Records contained in a dataset

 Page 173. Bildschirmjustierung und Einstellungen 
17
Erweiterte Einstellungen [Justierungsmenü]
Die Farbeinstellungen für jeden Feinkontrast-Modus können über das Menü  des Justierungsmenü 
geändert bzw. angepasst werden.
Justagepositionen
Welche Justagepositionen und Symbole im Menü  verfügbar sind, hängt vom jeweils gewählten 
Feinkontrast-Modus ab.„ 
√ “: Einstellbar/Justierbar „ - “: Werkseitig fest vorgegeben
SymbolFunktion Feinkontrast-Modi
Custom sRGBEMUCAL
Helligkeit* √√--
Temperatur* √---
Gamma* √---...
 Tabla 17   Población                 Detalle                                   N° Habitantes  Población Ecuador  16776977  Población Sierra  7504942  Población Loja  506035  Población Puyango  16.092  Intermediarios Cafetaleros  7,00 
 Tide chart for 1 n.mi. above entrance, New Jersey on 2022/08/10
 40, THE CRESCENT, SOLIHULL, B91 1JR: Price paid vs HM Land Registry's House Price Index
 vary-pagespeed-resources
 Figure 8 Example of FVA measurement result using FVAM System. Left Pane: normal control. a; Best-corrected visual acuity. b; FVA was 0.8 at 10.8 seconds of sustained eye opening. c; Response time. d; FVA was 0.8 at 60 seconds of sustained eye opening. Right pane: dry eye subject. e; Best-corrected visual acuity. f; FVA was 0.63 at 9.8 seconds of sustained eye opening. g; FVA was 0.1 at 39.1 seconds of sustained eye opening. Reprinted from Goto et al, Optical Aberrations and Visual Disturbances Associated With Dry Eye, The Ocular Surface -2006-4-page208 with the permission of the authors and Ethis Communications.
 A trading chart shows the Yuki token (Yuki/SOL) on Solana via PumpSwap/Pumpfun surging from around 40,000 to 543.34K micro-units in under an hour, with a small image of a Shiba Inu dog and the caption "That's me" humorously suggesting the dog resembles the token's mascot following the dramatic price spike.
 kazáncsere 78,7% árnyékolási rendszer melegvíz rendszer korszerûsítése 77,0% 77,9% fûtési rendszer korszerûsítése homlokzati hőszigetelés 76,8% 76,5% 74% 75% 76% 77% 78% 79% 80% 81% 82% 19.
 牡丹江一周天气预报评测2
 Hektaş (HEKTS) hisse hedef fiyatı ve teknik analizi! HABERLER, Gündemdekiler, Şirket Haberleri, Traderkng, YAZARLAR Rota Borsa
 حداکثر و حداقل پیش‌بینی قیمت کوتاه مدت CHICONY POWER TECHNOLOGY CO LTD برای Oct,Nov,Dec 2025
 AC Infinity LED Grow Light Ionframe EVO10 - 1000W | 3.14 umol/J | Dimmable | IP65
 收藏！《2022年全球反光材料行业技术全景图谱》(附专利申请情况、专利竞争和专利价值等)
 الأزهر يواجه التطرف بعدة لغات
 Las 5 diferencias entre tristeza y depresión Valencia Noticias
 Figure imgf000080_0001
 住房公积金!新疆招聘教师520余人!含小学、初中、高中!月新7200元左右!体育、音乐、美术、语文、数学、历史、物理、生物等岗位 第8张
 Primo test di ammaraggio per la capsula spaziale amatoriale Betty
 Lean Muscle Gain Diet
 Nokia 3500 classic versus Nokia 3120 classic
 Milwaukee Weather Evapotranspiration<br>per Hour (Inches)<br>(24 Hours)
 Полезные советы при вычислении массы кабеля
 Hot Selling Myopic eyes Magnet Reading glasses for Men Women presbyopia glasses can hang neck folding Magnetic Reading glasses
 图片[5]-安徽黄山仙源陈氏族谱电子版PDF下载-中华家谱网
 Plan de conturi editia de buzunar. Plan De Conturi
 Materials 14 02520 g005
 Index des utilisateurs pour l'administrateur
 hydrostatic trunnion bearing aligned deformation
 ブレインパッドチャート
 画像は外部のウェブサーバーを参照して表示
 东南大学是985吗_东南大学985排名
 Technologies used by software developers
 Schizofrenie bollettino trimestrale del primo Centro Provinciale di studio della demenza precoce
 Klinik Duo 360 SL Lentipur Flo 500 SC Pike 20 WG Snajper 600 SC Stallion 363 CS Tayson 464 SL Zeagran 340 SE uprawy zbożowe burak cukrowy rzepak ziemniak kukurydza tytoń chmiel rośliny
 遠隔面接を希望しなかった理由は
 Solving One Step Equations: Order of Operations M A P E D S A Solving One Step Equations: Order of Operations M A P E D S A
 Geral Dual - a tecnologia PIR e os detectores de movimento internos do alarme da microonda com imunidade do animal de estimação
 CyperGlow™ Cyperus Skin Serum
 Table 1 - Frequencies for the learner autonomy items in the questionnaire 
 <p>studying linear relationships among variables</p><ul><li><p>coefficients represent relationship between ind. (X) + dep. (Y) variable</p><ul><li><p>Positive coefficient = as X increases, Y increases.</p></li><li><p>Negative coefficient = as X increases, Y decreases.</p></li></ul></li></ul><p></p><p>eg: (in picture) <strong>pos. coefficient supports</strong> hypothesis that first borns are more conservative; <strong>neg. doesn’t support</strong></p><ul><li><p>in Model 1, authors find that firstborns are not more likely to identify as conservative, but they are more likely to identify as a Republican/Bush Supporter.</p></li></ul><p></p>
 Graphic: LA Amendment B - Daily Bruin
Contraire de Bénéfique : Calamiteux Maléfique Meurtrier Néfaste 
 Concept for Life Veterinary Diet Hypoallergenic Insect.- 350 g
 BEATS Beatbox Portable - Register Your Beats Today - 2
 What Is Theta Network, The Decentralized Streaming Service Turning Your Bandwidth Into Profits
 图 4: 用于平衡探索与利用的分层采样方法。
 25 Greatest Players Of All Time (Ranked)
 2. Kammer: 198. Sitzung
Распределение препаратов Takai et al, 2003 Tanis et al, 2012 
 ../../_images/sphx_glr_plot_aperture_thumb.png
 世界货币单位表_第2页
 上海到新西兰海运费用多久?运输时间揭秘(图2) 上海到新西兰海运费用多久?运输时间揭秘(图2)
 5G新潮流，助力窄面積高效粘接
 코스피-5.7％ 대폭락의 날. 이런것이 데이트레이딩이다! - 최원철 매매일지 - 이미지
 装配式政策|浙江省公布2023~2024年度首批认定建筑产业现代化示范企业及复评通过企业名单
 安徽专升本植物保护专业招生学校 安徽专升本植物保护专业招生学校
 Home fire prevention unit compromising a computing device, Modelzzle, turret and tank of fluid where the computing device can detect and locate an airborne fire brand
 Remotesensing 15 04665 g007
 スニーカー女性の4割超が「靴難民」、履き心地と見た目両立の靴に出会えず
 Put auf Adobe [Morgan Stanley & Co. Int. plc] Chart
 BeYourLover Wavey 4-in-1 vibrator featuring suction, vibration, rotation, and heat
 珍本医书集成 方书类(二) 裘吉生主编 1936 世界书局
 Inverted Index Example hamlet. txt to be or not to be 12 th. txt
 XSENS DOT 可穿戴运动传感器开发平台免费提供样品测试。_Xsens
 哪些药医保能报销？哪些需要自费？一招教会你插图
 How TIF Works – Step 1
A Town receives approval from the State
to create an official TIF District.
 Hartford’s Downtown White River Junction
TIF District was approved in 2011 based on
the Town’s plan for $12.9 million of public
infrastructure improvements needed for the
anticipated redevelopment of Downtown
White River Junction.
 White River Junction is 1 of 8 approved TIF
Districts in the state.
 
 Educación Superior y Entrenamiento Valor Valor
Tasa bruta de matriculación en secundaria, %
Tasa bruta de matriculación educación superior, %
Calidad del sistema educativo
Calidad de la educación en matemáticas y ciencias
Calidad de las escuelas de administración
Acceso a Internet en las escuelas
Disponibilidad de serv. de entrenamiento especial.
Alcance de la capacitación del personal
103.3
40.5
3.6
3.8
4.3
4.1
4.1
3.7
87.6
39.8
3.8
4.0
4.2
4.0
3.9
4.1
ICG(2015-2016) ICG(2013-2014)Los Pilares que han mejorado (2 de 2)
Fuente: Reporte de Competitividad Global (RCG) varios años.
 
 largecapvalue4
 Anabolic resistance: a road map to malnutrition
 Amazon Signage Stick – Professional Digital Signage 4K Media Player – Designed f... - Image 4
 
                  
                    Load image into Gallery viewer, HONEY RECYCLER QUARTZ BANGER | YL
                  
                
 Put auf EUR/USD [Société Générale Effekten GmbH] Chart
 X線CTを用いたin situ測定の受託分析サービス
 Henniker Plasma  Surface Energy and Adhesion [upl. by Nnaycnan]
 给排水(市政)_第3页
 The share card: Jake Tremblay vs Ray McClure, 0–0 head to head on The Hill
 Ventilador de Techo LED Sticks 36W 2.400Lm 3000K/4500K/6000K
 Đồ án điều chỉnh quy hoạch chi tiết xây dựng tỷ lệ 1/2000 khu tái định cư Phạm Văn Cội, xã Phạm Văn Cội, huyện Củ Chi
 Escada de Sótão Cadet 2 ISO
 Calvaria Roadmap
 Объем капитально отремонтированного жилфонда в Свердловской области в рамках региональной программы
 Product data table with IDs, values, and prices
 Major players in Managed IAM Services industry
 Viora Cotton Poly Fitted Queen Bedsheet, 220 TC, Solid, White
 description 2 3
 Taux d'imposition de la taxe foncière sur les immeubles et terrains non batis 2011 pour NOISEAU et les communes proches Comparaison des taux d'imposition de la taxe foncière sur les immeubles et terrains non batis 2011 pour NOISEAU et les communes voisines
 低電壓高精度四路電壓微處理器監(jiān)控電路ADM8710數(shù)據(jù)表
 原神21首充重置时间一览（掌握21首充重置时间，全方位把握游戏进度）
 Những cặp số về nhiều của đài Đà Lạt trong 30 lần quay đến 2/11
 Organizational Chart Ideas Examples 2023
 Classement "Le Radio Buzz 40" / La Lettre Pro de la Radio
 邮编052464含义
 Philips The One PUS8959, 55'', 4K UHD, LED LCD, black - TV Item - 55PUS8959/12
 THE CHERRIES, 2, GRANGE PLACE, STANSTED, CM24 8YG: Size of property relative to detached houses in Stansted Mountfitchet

(What you are asked to do):
Copy the records above exactly, beginning at the line that contains "코스피-5.7％ 대폭락의 날." and stopping after the line that contains "Fuente: Reporte de".

(Answer to this exercise):
 코스피-5.7％ 대폭락의 날. 이런것이 데이트레이딩이다! - 최원철 매매일지 - 이미지
 装配式政策|浙江省公布2023~2024年度首批认定建筑产业现代化示范企业及复评通过企业名单
 安徽专升本植物保护专业招生学校 安徽专升本植物保护专业招生学校
 Home fire prevention unit compromising a computing device, Modelzzle, turret and tank of fluid where the computing device can detect and locate an airborne fire brand
 Remotesensing 15 04665 g007
 スニーカー女性の4割超が「靴難民」、履き心地と見た目両立の靴に出会えず
 Put auf Adobe [Morgan Stanley & Co. Int. plc] Chart
 BeYourLover Wavey 4-in-1 vibrator featuring suction, vibration, rotation, and heat
 珍本医书集成 方书类(二) 裘吉生主编 1936 世界书局
 Inverted Index Example hamlet. txt to be or not to be 12 th. txt
 XSENS DOT 可穿戴运动传感器开发平台免费提供样品测试。_Xsens
 哪些药医保能报销？哪些需要自费？一招教会你插图
 How TIF Works – Step 1
A Town receives approval from the State
to create an official TIF District.
 Hartford’s Downtown White River Junction
TIF District was approved in 2011 based on
the Town’s plan for $12.9 million of public
infrastructure improvements needed for the
anticipated redevelopment of Downtown
White River Junction.
 White River Junction is 1 of 8 approved TIF
Districts in the state.
 
 Educación Superior y Entrenamiento Valor Valor
Tasa bruta de matriculación en secundaria, %
Tasa bruta de matriculación educación superior, %
Calidad del sistema educativo
Calidad de la educación en matemáticas y ciencias
Calidad de las escuelas de administración
Acceso a Internet en las escuelas
Disponibilidad de serv. de entrenamiento especial.
Alcance de la capacitación del personal
103.3
40.5
3.6
3.8
4.3
4.1
4.1
3.7
87.6
39.8
3.8
4.0
4.2
4.0
3.9
4.1
ICG(2015-2016) ICG(2013-2014)Los Pilares que han mejorado (2 de 2)
Fuente: Reporte de Competitividad Global (RCG) varios años.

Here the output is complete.